• Required action: An exact copy of the listing is required.
╭─ Source material
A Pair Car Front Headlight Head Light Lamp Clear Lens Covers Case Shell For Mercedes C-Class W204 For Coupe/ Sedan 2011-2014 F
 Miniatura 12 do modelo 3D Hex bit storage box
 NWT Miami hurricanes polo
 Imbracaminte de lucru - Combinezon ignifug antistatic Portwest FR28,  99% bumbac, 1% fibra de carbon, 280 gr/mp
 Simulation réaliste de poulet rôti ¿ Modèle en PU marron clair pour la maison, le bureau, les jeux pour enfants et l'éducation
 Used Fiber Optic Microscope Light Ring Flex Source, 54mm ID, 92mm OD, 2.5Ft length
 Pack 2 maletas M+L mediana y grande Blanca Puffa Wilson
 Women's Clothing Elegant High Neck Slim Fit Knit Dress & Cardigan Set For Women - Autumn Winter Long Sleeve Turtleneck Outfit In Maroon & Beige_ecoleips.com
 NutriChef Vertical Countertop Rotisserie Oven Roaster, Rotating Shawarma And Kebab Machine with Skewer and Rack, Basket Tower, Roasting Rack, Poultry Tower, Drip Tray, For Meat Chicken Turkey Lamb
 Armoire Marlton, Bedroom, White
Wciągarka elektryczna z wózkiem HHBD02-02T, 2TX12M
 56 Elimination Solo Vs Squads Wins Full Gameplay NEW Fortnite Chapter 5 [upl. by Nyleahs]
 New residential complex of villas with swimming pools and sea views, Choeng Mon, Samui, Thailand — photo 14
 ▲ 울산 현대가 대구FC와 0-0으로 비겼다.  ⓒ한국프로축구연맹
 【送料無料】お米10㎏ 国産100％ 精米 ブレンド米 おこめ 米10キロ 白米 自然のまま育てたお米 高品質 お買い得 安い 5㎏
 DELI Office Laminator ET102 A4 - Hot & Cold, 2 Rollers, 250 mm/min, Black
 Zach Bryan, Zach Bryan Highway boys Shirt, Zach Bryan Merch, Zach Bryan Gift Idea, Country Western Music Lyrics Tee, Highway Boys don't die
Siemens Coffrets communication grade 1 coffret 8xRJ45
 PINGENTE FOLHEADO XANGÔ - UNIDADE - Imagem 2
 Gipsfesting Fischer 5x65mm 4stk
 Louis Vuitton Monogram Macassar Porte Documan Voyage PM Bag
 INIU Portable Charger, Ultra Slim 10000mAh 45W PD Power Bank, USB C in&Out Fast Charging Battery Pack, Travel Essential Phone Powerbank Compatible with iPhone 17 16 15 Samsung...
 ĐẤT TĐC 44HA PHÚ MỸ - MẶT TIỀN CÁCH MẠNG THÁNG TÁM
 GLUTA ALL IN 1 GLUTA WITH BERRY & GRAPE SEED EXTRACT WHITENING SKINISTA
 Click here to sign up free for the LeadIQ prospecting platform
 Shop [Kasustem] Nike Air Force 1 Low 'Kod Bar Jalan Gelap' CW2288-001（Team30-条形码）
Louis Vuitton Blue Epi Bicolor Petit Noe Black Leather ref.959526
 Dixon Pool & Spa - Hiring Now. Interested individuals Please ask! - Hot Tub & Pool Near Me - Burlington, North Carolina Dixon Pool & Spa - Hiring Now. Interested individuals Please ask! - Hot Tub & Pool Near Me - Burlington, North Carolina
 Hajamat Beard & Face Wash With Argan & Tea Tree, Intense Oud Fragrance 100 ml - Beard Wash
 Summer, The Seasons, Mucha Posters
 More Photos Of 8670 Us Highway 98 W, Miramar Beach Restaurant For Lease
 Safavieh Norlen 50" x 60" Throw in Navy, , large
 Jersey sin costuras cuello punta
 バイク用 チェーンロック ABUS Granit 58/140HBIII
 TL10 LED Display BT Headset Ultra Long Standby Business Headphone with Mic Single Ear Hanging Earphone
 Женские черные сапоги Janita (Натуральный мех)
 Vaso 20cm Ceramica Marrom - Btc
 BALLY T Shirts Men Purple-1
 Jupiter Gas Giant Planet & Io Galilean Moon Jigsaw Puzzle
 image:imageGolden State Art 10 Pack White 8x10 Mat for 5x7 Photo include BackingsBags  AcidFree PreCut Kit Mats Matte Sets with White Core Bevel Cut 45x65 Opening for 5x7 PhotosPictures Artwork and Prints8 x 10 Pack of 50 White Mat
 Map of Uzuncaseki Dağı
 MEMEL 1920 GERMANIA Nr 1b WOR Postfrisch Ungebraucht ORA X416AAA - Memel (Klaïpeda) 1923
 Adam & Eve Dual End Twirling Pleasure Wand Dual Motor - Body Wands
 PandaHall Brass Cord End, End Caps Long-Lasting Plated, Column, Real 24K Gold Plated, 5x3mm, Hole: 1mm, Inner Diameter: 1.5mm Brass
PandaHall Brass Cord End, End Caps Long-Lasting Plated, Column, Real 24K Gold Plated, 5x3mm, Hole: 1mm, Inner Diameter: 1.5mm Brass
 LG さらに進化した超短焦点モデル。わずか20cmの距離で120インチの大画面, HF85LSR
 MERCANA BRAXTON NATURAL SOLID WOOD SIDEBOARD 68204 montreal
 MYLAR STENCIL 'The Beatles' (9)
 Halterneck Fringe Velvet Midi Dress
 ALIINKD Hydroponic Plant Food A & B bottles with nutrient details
╰─
• Task response:
A Pair Car Front Headlight Head Light Lamp Clear Lens Covers Case Shell For Mercedes C-Class W204 For Coupe/ Sedan 2011-2014 F
 Miniatura 12 do modelo 3D Hex bit storage box
 NWT Miami hurricanes polo
 Imbracaminte de lucru - Combinezon ignifug antistatic Portwest FR28,  99% bumbac, 1% fibra de carbon, 280 gr/mp
 Simulation réaliste de poulet rôti ¿ Modèle en PU marron clair pour la maison, le bureau, les jeux pour enfants et l'éducation
 Used Fiber Optic Microscope Light Ring Flex Source, 54mm ID, 92mm OD, 2.5Ft length
 Pack 2 maletas M+L mediana y grande Blanca Puffa Wilson
 Women's Clothing Elegant High Neck Slim Fit Knit Dress & Cardigan Set For Women - Autumn Winter Long Sleeve Turtleneck Outfit In Maroon & Beige_ecoleips.com
 NutriChef Vertical Countertop Rotisserie Oven Roaster, Rotating Shawarma And Kebab Machine with Skewer and Rack, Basket Tower, Roasting Rack, Poultry Tower, Drip Tray, For Meat Chicken Turkey Lamb
 Armoire Marlton, Bedroom, White
Wciągarka elektryczna z wózkiem HHBD02-02T, 2TX12M
 56 Elimination Solo Vs Squads Wins Full Gameplay NEW Fortnite Chapter 5 [upl. by Nyleahs]
 New residential complex of villas with swimming pools and sea views, Choeng Mon, Samui, Thailand — photo 14
 ▲ 울산 현대가 대구FC와 0-0으로 비겼다.  ⓒ한국프로축구연맹
 【送料無料】お米10㎏ 国産100％ 精米 ブレンド米 おこめ 米10キロ 白米 自然のまま育てたお米 高品質 お買い得 安い 5㎏
 DELI Office Laminator ET102 A4 - Hot & Cold, 2 Rollers, 250 mm/min, Black
 Zach Bryan, Zach Bryan Highway boys Shirt, Zach Bryan Merch, Zach Bryan Gift Idea, Country Western Music Lyrics Tee, Highway Boys don't die
Siemens Coffrets communication grade 1 coffret 8xRJ45
 PINGENTE FOLHEADO XANGÔ - UNIDADE - Imagem 2
 Gipsfesting Fischer 5x65mm 4stk
 Louis Vuitton Monogram Macassar Porte Documan Voyage PM Bag
 INIU Portable Charger, Ultra Slim 10000mAh 45W PD Power Bank, USB C in&Out Fast Charging Battery Pack, Travel Essential Phone Powerbank Compatible with iPhone 17 16 15 Samsung...
 ĐẤT TĐC 44HA PHÚ MỸ - MẶT TIỀN CÁCH MẠNG THÁNG TÁM
 GLUTA ALL IN 1 GLUTA WITH BERRY & GRAPE SEED EXTRACT WHITENING SKINISTA
 Click here to sign up free for the LeadIQ prospecting platform
 Shop [Kasustem] Nike Air Force 1 Low 'Kod Bar Jalan Gelap' CW2288-001（Team30-条形码）
Louis Vuitton Blue Epi Bicolor Petit Noe Black Leather ref.959526
 Dixon Pool & Spa - Hiring Now. Interested individuals Please ask! - Hot Tub & Pool Near Me - Burlington, North Carolina Dixon Pool & Spa - Hiring Now. Interested individuals Please ask! - Hot Tub & Pool Near Me - Burlington, North Carolina
 Hajamat Beard & Face Wash With Argan & Tea Tree, Intense Oud Fragrance 100 ml - Beard Wash
 Summer, The Seasons, Mucha Posters
 More Photos Of 8670 Us Highway 98 W, Miramar Beach Restaurant For Lease
 Safavieh Norlen 50" x 60" Throw in Navy, , large
 Jersey sin costuras cuello punta
 バイク用 チェーンロック ABUS Granit 58/140HBIII
 TL10 LED Display BT Headset Ultra Long Standby Business Headphone with Mic Single Ear Hanging Earphone
 Женские черные сапоги Janita (Натуральный мех)
 Vaso 20cm Ceramica Marrom - Btc
 BALLY T Shirts Men Purple-1
 Jupiter Gas Giant Planet & Io Galilean Moon Jigsaw Puzzle
 image:imageGolden State Art 10 Pack White 8x10 Mat for 5x7 Photo include BackingsBags  AcidFree PreCut Kit Mats Matte Sets with White Core Bevel Cut 45x65 Opening for 5x7 PhotosPictures Artwork and Prints8 x 10 Pack of 50 White Mat
 Map of Uzuncaseki Dağı
 MEMEL 1920 GERMANIA Nr 1b WOR Postfrisch Ungebraucht ORA X416AAA - Memel (Klaïpeda) 1923
 Adam & Eve Dual End Twirling Pleasure Wand Dual Motor - Body Wands
 PandaHall Brass Cord End, End Caps Long-Lasting Plated, Column, Real 24K Gold Plated, 5x3mm, Hole: 1mm, Inner Diameter: 1.5mm Brass
PandaHall Brass Cord End, End Caps Long-Lasting Plated, Column, Real 24K Gold Plated, 5x3mm, Hole: 1mm, Inner Diameter: 1.5mm Brass
 LG さらに進化した超短焦点モデル。わずか20cmの距離で120インチの大画面, HF85LSR
 MERCANA BRAXTON NATURAL SOLID WOOD SIDEBOARD 68204 montreal
 MYLAR STENCIL 'The Beatles' (9)
 Halterneck Fringe Velvet Midi Dress
 ALIINKD Hydroponic Plant Food A & B bottles with nutrient details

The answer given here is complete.